"Wir brauchen eine Atempause"

Datum des Artikels 11.12.2015
MIT in den Medien

Der CDU-Bundestagsabgeordnete Carsten Linnemann aus Paderborn setzt sich kritisch mit der Flüchtlingspolitik auseinander. Sein Gastbeitrag ist ein Auszug aus dem Buch "Ins Offene" von Jens Spahn, Mitglied im CDU-Präsidium und Staatssekretär im Finanzministerium.

"Die Flüchtlingsdebatte nimmt absurde Züge an. Sie pendelt zwischen Luftballons und Stacheldraht. Entsprechend gereizt ist die Stimmung in der Gesellschaft. Auch deswegen, weil sich viele Menschen nicht mehr trauen, ihre Meinung zu artikulieren. Weil sie Angst haben, dass sie etwas Falsches sagen und in die rechte Ecke gestellt werden könnten.

Von einer offenen Debattenkultur, die Ausdruck einer freiheitlichen Gesellschaft ist, sind wir entfernter denn je. Zum Schaden unserer Demokratie, denn extreme Kräfte bekommen in einem solchen Klima leicht Oberwasser. Umso wichtiger ist es, dass die Politik die Probleme offen anspricht und nichts schönredet.

Aber das gilt nicht nur für die Politik. So haben sich einzelne Persönlichkeiten aus der Wirtschaft nicht mit Ruhm bekleckert, als sie den Eindruck erweckten, dass Flüchtlinge die Fachkräftelücke schließen könnten. Ein Blick auf die Fakten entlarvt solches Reden als Wunschtraum: Die überragende Mehrheit der Flüchtlinge beherrscht unsere Sprache nicht, berufliche Qualifikationen fehlen. Die Integration in den Arbeitsmarkt ist das A und O. Aber sie ist eben nicht zum Nulltarif zu haben.

Das wissen nicht zuletzt auch die freiwilligen Helfer, ohne deren Engagement das staatliche System bereits kollabiert wäre.
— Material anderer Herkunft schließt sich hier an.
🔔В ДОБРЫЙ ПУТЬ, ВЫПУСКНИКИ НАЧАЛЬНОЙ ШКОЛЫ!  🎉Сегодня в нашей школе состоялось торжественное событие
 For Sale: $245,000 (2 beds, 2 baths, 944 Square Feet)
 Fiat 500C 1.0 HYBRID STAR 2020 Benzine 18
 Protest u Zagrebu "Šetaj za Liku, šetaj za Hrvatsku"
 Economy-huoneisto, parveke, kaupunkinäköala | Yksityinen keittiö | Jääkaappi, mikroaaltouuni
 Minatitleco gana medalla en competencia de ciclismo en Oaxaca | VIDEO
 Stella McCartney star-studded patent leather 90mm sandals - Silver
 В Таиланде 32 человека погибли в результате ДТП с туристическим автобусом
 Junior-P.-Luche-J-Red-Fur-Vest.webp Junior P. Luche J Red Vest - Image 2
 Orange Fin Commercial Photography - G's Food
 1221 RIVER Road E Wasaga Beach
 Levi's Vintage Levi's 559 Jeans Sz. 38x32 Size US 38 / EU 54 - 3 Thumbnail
Von ihnen sind sie zu hören, die unbequemen, aber ehrlichen Fragen: Wie sollen wir es schaffen, so schnell winterfeste Unterkünfte zur Verfügung zu stellen? Wo sollen so schnell die Lehrer herkommen, die den Flüchtlingen die deutsche Sprache und Kultur vermitteln?

Zufriedenstellende Antworten gibt es darauf nicht. Zugleich stoßen schon jetzt viele Kommunen an die Grenzen ihrer Aufnahmefähigkeit. Jeder weiß: Kein Land der Welt ist in der Lage, auf Dauer einen so großen wie unkontrollierten Zuzug von Menschen zu verkraften. Wir brauchen dringend eine Begrenzung. Dazu sind die Fluchtursachen zu bekämpfen und durch Maßnahmen zu flankieren, die den Zielländern kurzfristig Erleichterung bringen. Eine effektive Grenzsicherung ist unabdingbar – am besten auf europäischer, notfalls auf nationaler Ebene.

Deutschland braucht jetzt eine Atempause. Damit wir uns auf das konzentrieren können, was am
dringendsten ist: die Integration der Flüchtlinge, und zwar basierend auf dem Prinzip des Förderns und Forderns. Wenn wir hier versagen, droht unser Staat in seinen Grundfesten erschüttert zu werden. Soweit darf es nicht kommen."